*Work required*: Write out the entries below exactly as they stand. Skip every image.

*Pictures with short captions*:

==============================

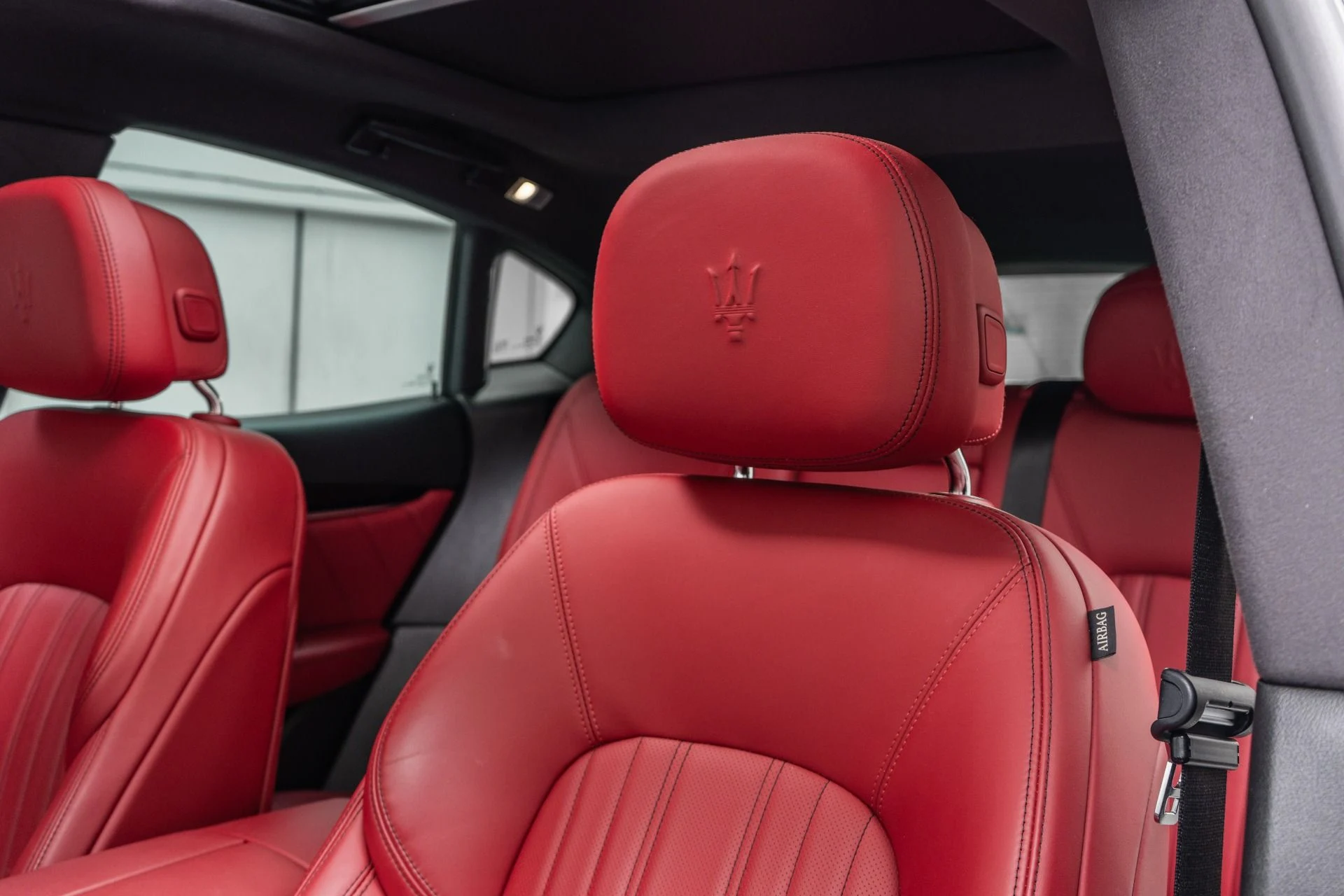 mph025_3574556654_Used_2022_Maserati_Levante_Modena_Nerissimo_Package_Comfort_and_Convenience_Package_1773694217_13242902c1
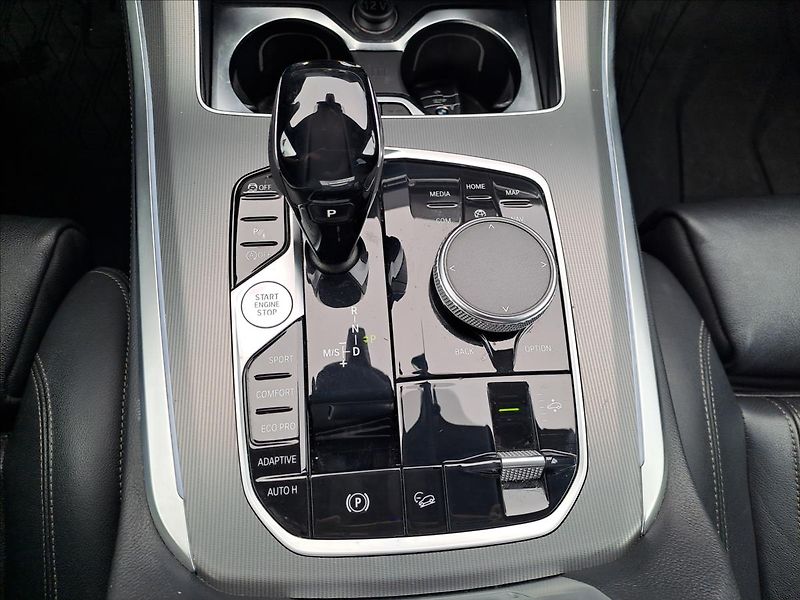 BMW X5 xDrive 30d M-Paket ČR - fotka 22 z 23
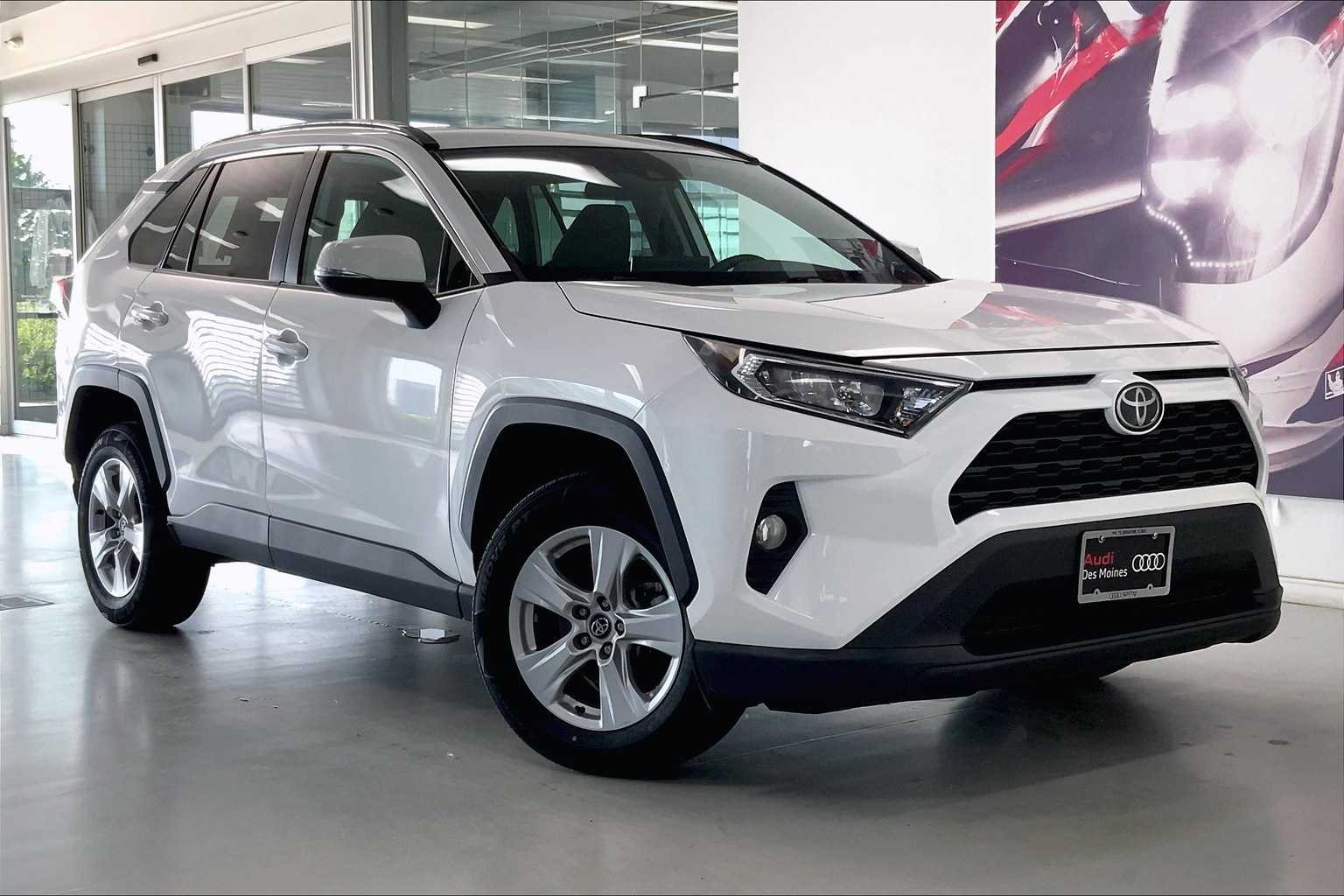 Thumbnail: 2021 Toyota RAV4 - 18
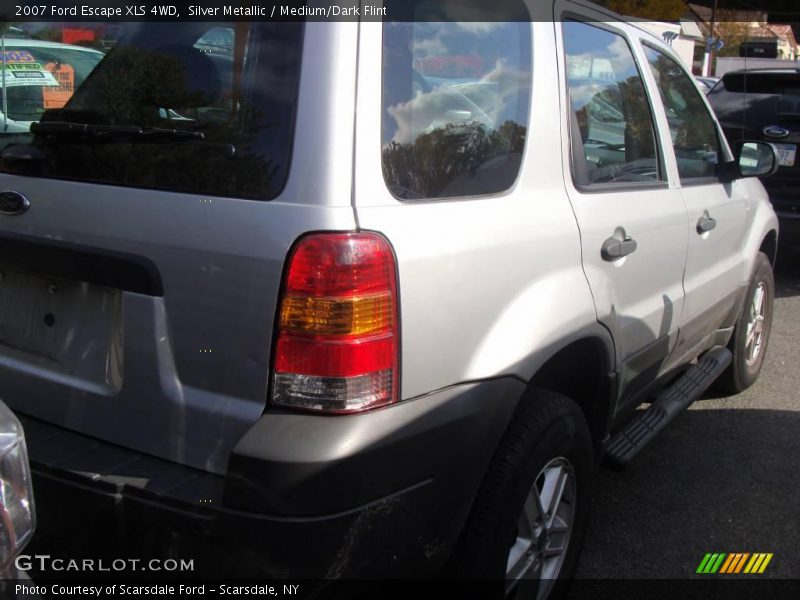 Silver Metallic / Medium/Dark Flint 2007 Ford Escape XLS 4WD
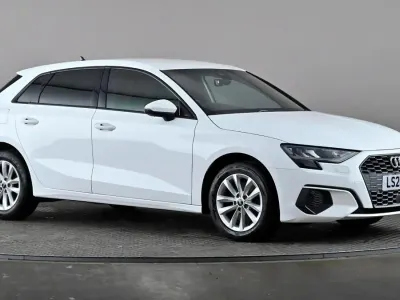 Begagnad Audi A3 Premium 110 HK (80 kW) 2021 Vit Sedan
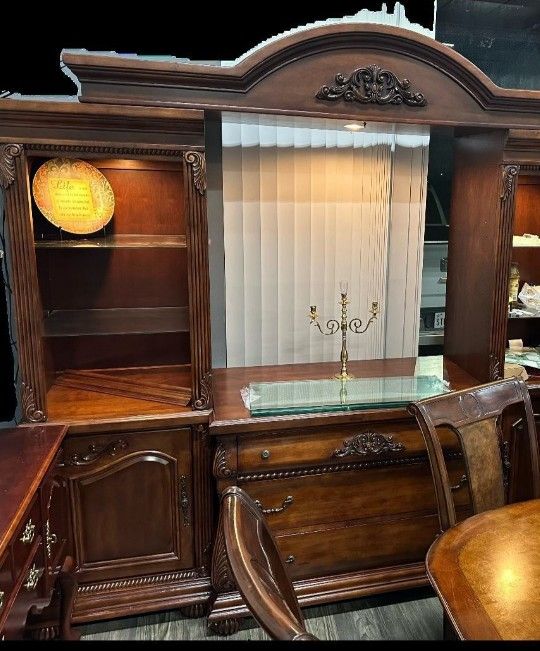 Furniture Store Closing / Moving Sale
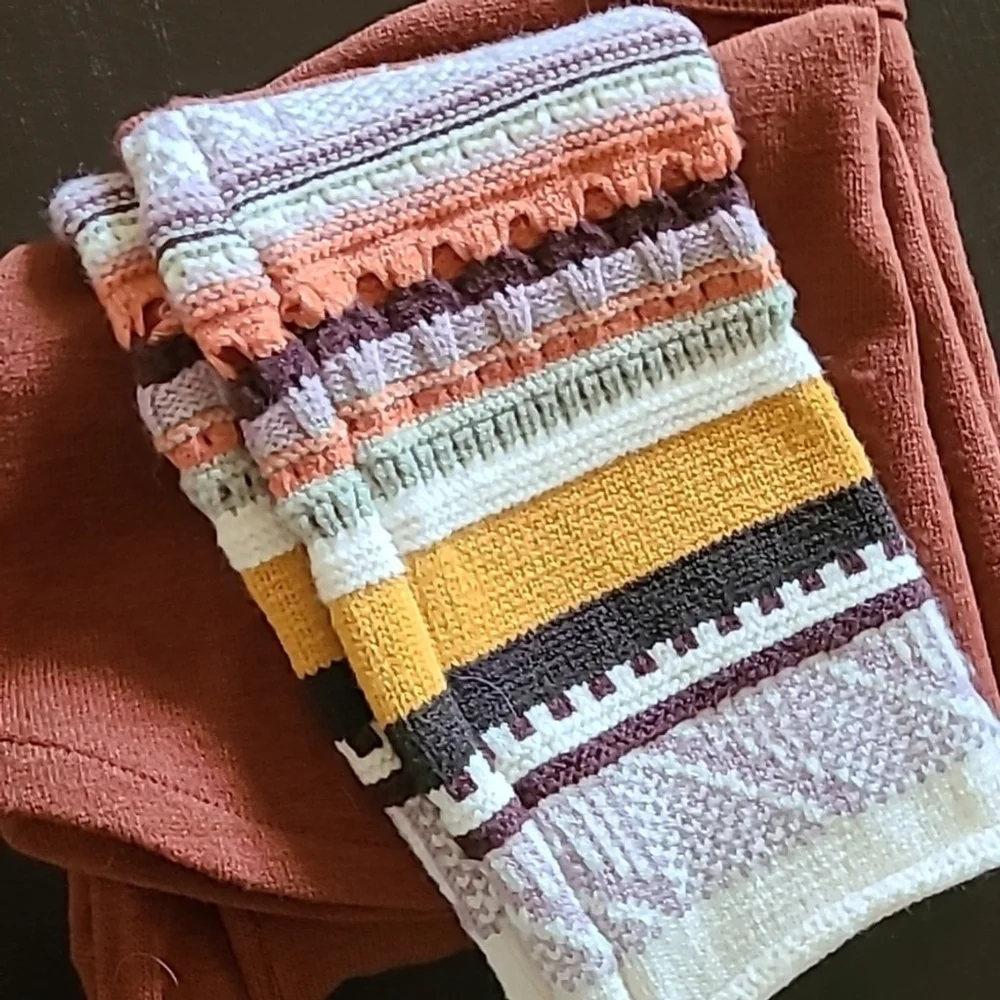 Easel for Angels from Los Angeles sz. S. Rust with Crochet sleeves. (#1302) - Picture 11 of 11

==============================

*Your response*:
 mph025_3574556654_Used_2022_Maserati_Levante_Modena_Nerissimo_Package_Comfort_and_Convenience_Package_1773694217_13242902c1
 BMW X5 xDrive 30d M-Paket ČR - fotka 22 z 23
 Thumbnail: 2021 Toyota RAV4 - 18
 Silver Metallic / Medium/Dark Flint 2007 Ford Escape XLS 4WD
 Begagnad Audi A3 Premium 110 HK (80 kW) 2021 Vit Sedan
 Furniture Store Closing / Moving Sale
 Easel for Angels from Los Angeles sz. S. Rust with Crochet sleeves. (#1302) - Picture 11 of 11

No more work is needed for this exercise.